Task description: Produce a faithful copy of the data, one that leaves out the pictures.

━━━━━ Exercise inputs ━━━━━

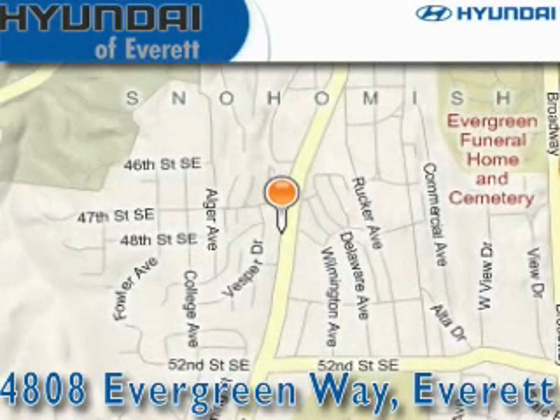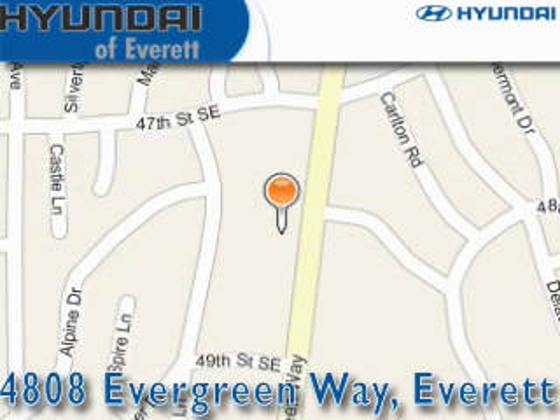Hyundai of Everett is located at 4808 Evergreen Way in Everett. Our goal is to exceed all of your expectations to ensure that you'll return for future visits.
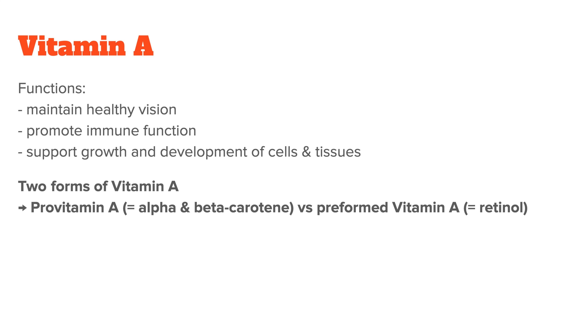Since this conversion depends on a healthy thyroid function, among other things, it shouldn't be your only vitamin A source. Fortunately, the vitamin A in cod liver oil is already in its preformed and bioactive form, which is readily available for the body to use.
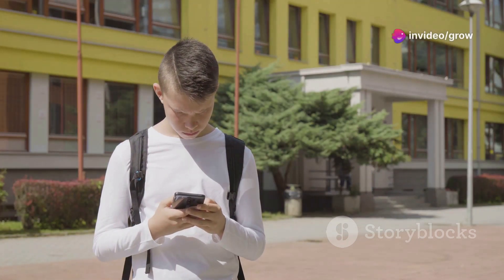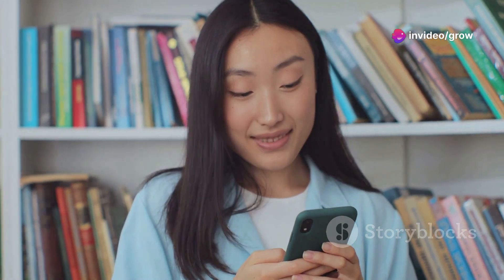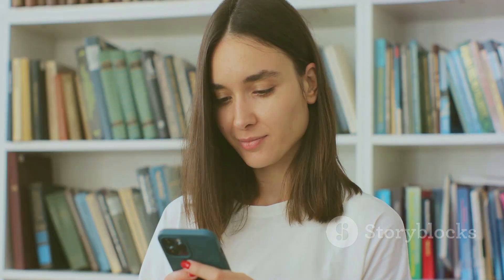If your phone distracts you more than it helps, you're in for a treat. Let's transform that screen time into study time. First up, use the Do Not Disturb mode during study sessions. It blocks all notifications and helps you stay focused.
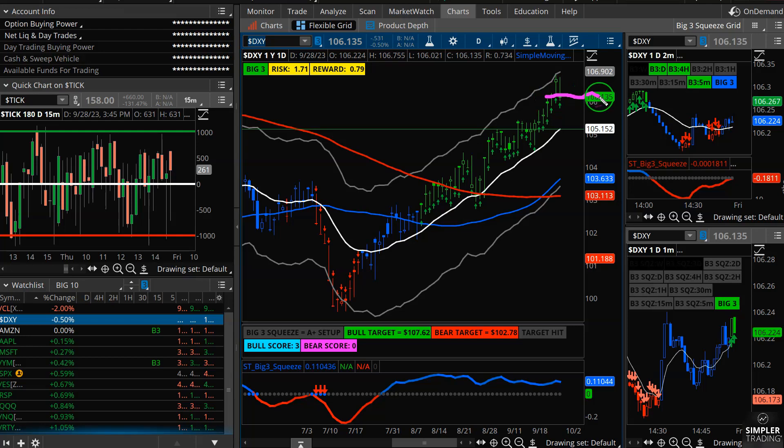The dollar could continue to grind higher, but there's a better chance it takes a chill pill — maybe trades sideways or actually reverts back to that 21 EMA. Any kind of pullback to the 21 EMA on the dollar in the short term should help the S&Ps and the Q's get a little bit of lift.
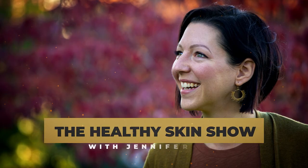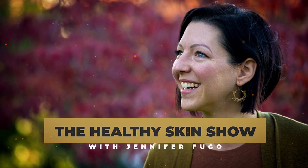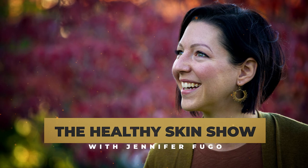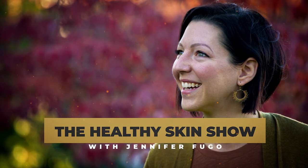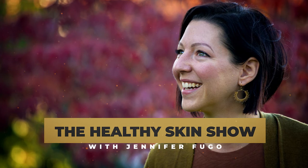Welcome to the Healthy Skin Show with Jennifer Fugo, where we're flipping everything you've been told about your chronic skin issues upside down and connecting you with alternative solutions your dermatologist never told you about.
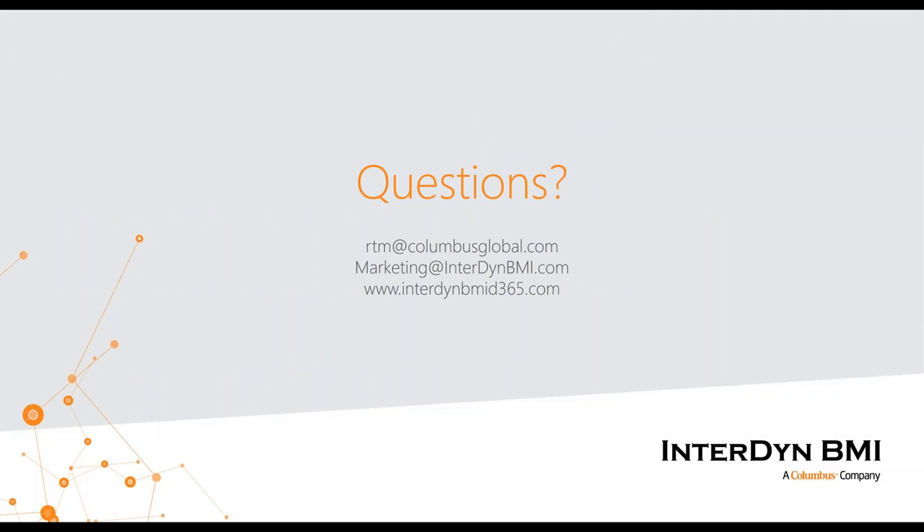With that, I'm going to bring this webinar to a close. If you have any questions, I'd be happy to stay on and answer them. If you have questions later, I've put my personal email and marketing link here — feel free to visit our website. If you have any interest in potentially doing an integration and what that might look like for your specific organization, I'd love to speak with you. I sincerely appreciate all of you who stayed on the line today. Have a great day.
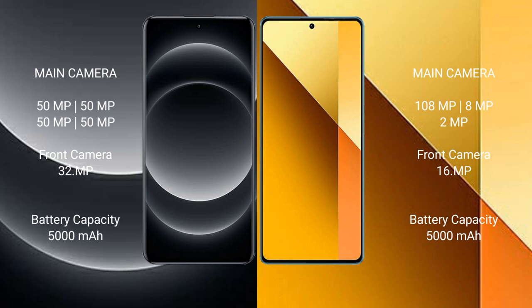Xiaomi 14 Ultra has a 5000mAh battery with 90W fast charging support. Redmi Note 13 also has a 5000mAh battery but with 33W fast charging support.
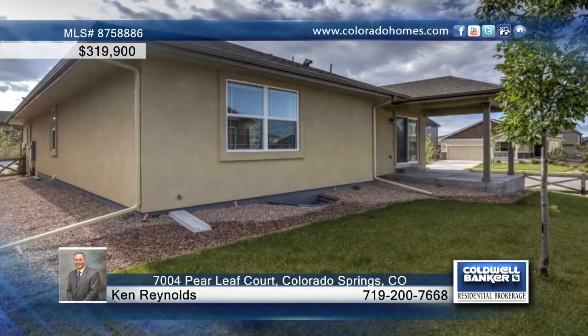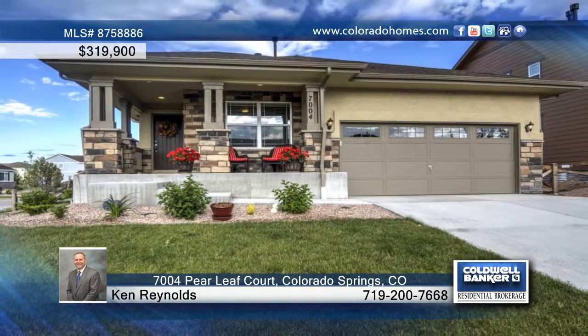Located on a corner cul-de-sac lot, this home is ready and waiting for your call to Ken Reynolds.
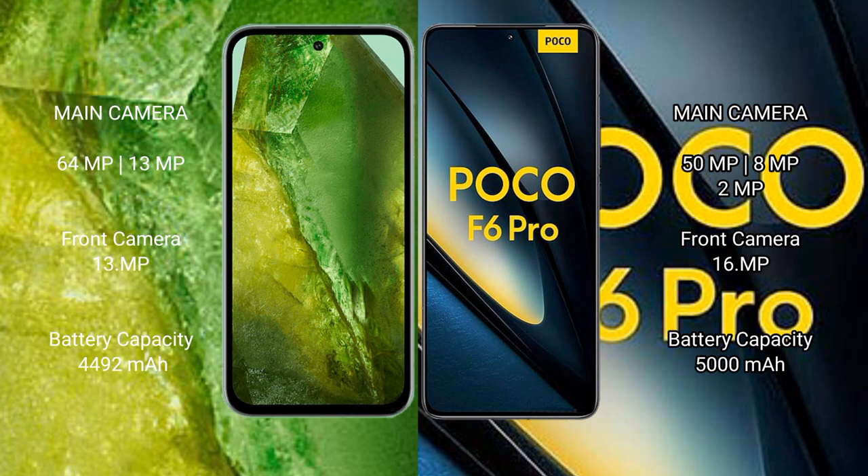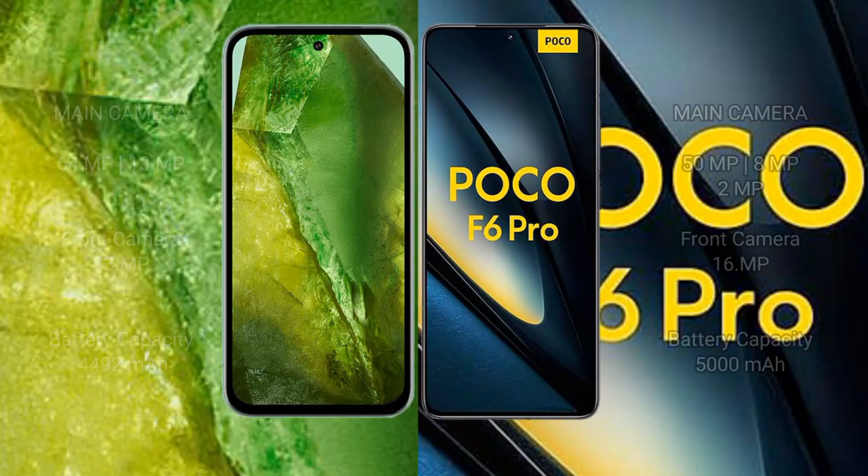The Google Pixel 8a has a 4492mAh battery with 30W fast charging support. The Xiaomi Poco F6 Pro has a 5000mAh battery with 120W fast charging support.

━━━━━

Task solution:
Hyundai of Everett is located at 4808 Evergreen Way in Everett. Our goal is to exceed all of your expectations to ensure that you'll return for future visits.
Since this conversion depends on a healthy thyroid function, among other things, it shouldn't be your only vitamin A source. Fortunately, the vitamin A in cod liver oil is already in its preformed and bioactive form, which is readily available for the body to use.
If your phone distracts you more than it helps, you're in for a treat. Let's transform that screen time into study time. First up, use the Do Not Disturb mode during study sessions. It blocks all notifications and helps you stay focused.
The dollar could continue to grind higher, but there's a better chance it takes a chill pill — maybe trades sideways or actually reverts back to that 21 EMA. Any kind of pullback to the 21 EMA on the dollar in the short term should help the S&Ps and the Q's get a little bit of lift.
Welcome to the Healthy Skin Show with Jennifer Fugo, where we're flipping everything you've been told about your chronic skin issues upside down and connecting you with alternative solutions your dermatologist never told you about.
With that, I'm going to bring this webinar to a close. If you have any questions, I'd be happy to stay on and answer them. If you have questions later, I've put my personal email and marketing link here — feel free to visit our website. If you have any interest in potentially doing an integration and what that might look like for your specific organization, I'd love to speak with you. I sincerely appreciate all of you who stayed on the line today. Have a great day.
Xiaomi 14 Ultra has a 5000mAh battery with 90W fast charging support. Redmi Note 13 also has a 5000mAh battery but with 33W fast charging support.
Located on a corner cul-de-sac lot, this home is ready and waiting for your call to Ken Reynolds.
The Google Pixel 8a has a 4492mAh battery with 30W fast charging support. The Xiaomi Poco F6 Pro has a 5000mAh battery with 120W fast charging support.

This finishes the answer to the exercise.